There are actually two major stories about Sean Avery today. The first involves his hobby, professional ice hockey, as Avery has agreed to a four-year, $15.5 million contract with the Dallas Stars. The now -ormer New York Rangers forward will earn $3.5 million next season and then $4 million per year, according to Mike Heika of the Dallas Morning News, who followed that bit with the word "wow."
Earlier today, Heika broke down what it is Sean Avery will bring to the Dallas Stars besides fashion tips and the unmitigated scorn of opposing Western Conference goaltenders:
After making a few calls, I think Sean Avery would fit pretty good in Dallas. He could scale up and play with Brad Richards or he could play on a checking line with Steve Ott and really stir things up.

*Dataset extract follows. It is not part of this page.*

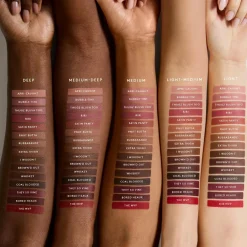 FENTY BEAUTY Trace'D Out Pencil Lip Liner huultenrajauskynä 1,24 g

If Richards has the stomach for it, Avery is a vastly underrated offensive player. He goes to the net with reckless abandon and, as Marty Brodeur and Elisha Curthbert will tell you, Avery does what ever it takes to score. (OK, maybe Brodeur wouldn't tell you that, because he would have turned and walked away before you could get the "very" in "Avery" out.)
The Unstable Blogger offers several other reasons why Avery will work in Dallas, although the primary one appears to be "he's not Todd Bertuzzi." John Dellapina of the NY Daily News says so long to "The Grate One," and wonders if Vogue has a satellite office in Big D.
The other major Sean Avery news, as reported by Gawker, is that he compliments female fashion writers by telling them they will be fodder for his masturbation sessions, and then sending play-by-play of said sessions through text messages. Please tell us this isn't why Avery has found a way to spend over one thousand minutes in the penalty box.
Any volunteers to be the first to shake Avery's hand and welcome him to Dallas? What, no takers?